Supposedly, though, it was a drive-by shooting at night.
I don't know.
You're telling me that.
I'm not telling you anything.
I'm just telling you a drive-by shooting at night.
I don't run these guys.
Then they need to be replaced, don't they?
Well, I don't know.
I'll volunteer.
My sister and I will volunteer.
Yeah, you got me thinking things I don't want to think.
No one in the press has ever asked what happened.
You know, why weren't they doing their jobs?
I mean, well, does it help Obama, sympathy-wise, for there to be news out there that some nincum poop shot up the White House?
It could be.
The residents of the White House, does it?
And how does the sniper know what window is the family's living quarters?
They say that they got one of the bulletproof windows.
What's he got, a blueprint?
No, it's the second floor.
That's not unknown.
Okay.
Truman Balcony is the residence.
You're righty.
Well, these guys need to be replaced.
Okay.
Well, you've raised some interesting questions here.
Back to the phones, Cadillac, Michigan, and this is Greg.
Greg, welcome to the EIB Network.
Great to have you here.
Hello.
Thanks, Rush.
It's good to talk to you.
I called because I wanted to agree with your assessment of the Brezhnev-Honeker kiss.
Yeah.
I really agree with you that it sent, it was meant to send a message to the German people, and it was a sinister message, and they received it.
And that picture has really become a symbol that's hung on with the German people.

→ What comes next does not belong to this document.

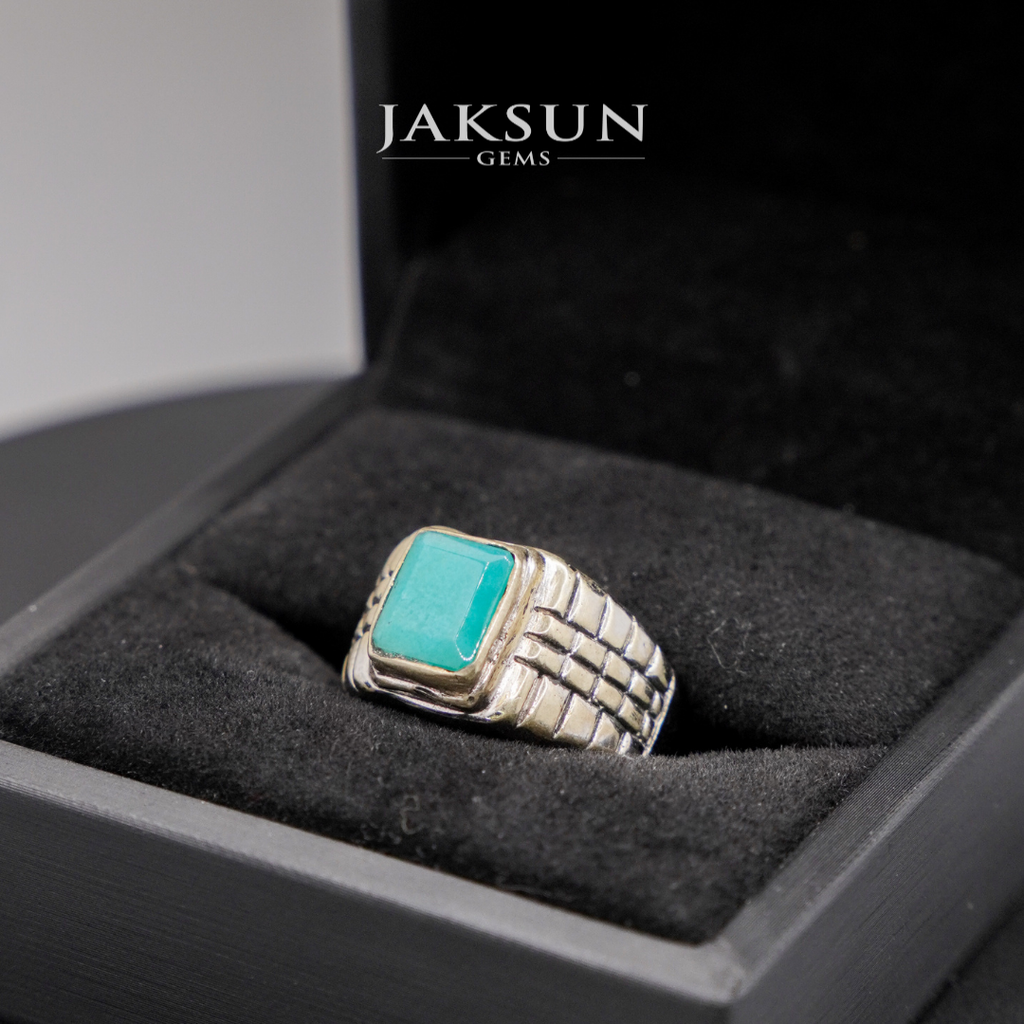 Cincin Bacan Doko Majiko (Setting Alpaka) 006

The reason I say that is we went to Germany in September, my family, and if you go to any souvenir shop near the Berlin Wall, that is one of the most common t-shirts that that picture is on the t-shirts.
And a lot of them have the words, my God, help me survive this deadly love.
So it's become a symbolic, a lasting symbol to the German people of that time when they were oppressed by the East German government, the Statsi, the Russians, and it's very enduring.
And this is not ancient history.
This is 1979.
What he's talking about, we let off the program today with commentary on this Benetton advertising campaign with all the pictures of world leaders kissing each other.
There's a big Washington Post story about it.
This post story says that the whole campaign was inspired by a kiss photo of Brezhnev, an Irish Honeker who ran East Germany.
The point that I made was that was not a picture.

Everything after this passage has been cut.